A landscape of rusty tussock, cold misty sky, a corrugated-iron hut at the base of a hill.
(Photo: Peter Ryan)

Hunting legend Peter Ryan takes his son to stay in a back-country hut, and remembers a turning point 10 years prior.

This essay appears in Ryan’s new book Hunting Life: Moments of Truth. It describes a traumatic birth; please take care. 

Our son is 10 years old. If he wants to do something I let him give me a hard time; I want to know that he really means it. If he pushes enough, it happens.

He started out fishing, which is just hunting in water. It’s a fine thing for a boy, an entry into patience, technique and fieldcraft as well as the natural world. It’s also a great way to see whether a kid really has an interest of their own or is just trying to please you.

On this day, after much pleading, we’re at a remote hut on the South Island of New Zealand, a long way from anywhere. In a week you can expect to see not one human being. It’s far up a braided river, along a track that’s as rough as guts. Here at the top of the valley the mountains loom high overhead. Waterfalls cascade off the mountainside and fingers of beech forest stretch down almost to the valley floor.

One part of the track runs hard against a bluff on one side, with a 100-metre sheer drop on the other. I’ve stacked the truck so that he can’t see that part. He’d probably be okay with it, but if he were to tell his mother things might get more complicated than they need to be. He’s quiet, watching hard.
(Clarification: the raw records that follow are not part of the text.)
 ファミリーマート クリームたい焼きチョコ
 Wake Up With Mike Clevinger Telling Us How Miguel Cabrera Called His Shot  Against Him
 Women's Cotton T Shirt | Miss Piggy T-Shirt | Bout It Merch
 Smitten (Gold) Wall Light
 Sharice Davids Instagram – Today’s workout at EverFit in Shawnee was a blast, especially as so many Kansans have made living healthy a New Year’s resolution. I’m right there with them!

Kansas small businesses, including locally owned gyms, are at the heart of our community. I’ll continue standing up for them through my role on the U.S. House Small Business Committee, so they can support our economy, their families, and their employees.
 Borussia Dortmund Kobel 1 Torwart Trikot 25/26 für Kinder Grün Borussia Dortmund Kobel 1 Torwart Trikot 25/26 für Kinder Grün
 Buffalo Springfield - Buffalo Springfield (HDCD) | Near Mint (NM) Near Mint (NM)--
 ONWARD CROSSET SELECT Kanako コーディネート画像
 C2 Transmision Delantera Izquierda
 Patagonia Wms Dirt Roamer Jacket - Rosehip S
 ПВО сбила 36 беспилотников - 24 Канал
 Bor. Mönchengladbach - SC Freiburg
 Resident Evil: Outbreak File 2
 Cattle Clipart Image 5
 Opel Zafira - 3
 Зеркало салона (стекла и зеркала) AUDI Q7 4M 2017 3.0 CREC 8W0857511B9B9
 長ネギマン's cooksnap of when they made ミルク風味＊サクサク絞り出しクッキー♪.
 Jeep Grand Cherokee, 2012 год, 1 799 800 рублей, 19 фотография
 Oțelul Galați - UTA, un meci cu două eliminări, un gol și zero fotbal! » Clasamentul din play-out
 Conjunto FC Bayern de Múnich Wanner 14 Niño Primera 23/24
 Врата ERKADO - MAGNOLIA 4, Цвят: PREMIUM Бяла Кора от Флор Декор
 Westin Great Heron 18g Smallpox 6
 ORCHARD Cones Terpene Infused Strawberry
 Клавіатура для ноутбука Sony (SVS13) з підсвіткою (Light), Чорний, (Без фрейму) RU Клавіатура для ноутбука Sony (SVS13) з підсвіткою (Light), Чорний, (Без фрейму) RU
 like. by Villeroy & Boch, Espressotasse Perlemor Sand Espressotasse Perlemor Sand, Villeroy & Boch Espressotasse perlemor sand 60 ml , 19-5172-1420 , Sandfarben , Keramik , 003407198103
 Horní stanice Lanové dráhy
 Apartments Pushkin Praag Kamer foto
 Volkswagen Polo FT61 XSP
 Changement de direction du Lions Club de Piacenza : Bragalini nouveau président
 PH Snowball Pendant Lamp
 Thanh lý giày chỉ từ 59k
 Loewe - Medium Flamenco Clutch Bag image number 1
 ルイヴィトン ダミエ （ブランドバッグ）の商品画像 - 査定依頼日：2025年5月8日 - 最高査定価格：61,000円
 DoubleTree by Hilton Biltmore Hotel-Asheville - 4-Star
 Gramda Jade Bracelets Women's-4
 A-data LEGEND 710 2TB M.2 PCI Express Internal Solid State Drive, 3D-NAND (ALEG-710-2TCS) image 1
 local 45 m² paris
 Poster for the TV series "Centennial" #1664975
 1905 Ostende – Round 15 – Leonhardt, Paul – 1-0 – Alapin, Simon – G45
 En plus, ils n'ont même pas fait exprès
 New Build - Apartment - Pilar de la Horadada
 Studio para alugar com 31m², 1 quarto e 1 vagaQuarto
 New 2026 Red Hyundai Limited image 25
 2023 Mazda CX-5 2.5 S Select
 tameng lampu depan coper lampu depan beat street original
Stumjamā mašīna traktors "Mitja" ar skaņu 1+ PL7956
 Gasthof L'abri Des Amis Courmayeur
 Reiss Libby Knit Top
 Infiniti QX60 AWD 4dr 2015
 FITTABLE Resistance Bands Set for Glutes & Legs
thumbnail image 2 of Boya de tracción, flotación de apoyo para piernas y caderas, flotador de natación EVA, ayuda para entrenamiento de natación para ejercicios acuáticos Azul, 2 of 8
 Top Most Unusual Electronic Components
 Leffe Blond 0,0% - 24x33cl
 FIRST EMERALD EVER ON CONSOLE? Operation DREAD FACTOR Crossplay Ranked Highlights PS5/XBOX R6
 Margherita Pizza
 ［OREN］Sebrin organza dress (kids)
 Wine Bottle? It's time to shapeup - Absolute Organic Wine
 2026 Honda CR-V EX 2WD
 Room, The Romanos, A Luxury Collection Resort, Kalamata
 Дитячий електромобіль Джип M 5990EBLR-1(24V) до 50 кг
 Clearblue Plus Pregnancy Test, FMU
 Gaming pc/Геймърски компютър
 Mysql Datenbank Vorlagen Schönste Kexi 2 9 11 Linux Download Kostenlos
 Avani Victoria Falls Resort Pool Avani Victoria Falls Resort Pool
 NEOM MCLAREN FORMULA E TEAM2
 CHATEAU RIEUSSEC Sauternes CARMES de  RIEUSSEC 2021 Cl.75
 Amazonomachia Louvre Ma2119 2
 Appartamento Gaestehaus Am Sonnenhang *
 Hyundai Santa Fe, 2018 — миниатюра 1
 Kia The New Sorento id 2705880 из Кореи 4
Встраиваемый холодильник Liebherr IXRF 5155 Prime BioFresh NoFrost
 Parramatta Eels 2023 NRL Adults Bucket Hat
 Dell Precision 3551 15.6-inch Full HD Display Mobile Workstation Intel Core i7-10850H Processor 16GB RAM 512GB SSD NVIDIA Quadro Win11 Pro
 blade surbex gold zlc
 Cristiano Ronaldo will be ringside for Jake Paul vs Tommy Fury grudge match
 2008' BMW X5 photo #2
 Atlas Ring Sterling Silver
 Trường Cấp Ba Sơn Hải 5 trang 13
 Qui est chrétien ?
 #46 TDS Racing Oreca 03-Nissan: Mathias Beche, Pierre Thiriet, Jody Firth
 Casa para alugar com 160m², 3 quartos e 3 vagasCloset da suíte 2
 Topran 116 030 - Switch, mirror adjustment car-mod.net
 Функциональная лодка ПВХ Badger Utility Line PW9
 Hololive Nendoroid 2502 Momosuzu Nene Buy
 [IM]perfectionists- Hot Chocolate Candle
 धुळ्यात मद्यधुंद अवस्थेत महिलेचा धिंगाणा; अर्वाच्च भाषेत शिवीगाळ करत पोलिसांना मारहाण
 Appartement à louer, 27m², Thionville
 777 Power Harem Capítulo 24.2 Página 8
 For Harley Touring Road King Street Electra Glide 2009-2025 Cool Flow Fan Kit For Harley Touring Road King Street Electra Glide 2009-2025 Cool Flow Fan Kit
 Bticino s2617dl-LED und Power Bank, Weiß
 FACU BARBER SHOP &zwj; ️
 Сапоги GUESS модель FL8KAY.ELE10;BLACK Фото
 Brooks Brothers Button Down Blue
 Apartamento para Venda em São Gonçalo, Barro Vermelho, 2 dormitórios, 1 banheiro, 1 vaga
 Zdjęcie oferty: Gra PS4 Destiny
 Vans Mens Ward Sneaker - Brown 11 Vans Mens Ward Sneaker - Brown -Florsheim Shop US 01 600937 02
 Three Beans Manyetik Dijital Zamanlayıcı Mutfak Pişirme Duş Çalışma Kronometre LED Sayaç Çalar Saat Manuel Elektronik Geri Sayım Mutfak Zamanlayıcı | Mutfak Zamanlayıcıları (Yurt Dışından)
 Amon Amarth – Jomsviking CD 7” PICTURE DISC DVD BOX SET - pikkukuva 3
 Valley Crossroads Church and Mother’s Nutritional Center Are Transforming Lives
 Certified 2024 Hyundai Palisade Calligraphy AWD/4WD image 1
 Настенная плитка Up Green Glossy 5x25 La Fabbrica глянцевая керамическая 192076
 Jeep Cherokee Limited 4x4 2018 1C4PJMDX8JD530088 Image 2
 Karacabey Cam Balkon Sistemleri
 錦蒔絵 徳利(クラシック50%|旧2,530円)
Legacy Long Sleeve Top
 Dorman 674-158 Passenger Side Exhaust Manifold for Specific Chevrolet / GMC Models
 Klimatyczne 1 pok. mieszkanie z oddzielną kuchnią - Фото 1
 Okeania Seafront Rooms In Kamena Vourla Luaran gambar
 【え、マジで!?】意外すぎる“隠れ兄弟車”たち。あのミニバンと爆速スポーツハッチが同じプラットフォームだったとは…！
There are a few hundred private huts like this scattered across New Zealand. Unlike the huts on public land, they usually come into play when the musters of autumn mean days spent bringing the stock down from the high country. They’re not funded by taxpayers, but are part of life on a big working farm. The bottom line is that they can be a bit rundown, but always full of character and history.

The hut itself is a classic: corrugated iron, the proper old Bristol Crown stuff, chains across the front to stop stock from rubbing and making trouble.

Rusty old rabbit-traps hanging on a nail and a few cast antlers struck in the rafters. A pile of ringed beech and an axe stuck in a log, for once with no dings at the head of the handle. Farm boys can actually split wood properly. Water off a little bit of spouting on the roof, and an old-fashioned long-drop out back. Inside it’s lined against the cold, and there is a huge old fireplace with some empty beer bottles on the mantle. Four bunks, a hut book and a couple of 10-year-old magazines. That’s it. Jamie takes the pine bunk opposite me. We’re home.

A photograph of a young boy fly-fishing in a river, surrounded by tussock and snowy mountains; a book cover with the title Hunting Life and an image of a man standing on an outcrop.
Jamie; the third of Peter Ryan’s books (Photo of Jamie: Peter Ryan; Image: Supplied)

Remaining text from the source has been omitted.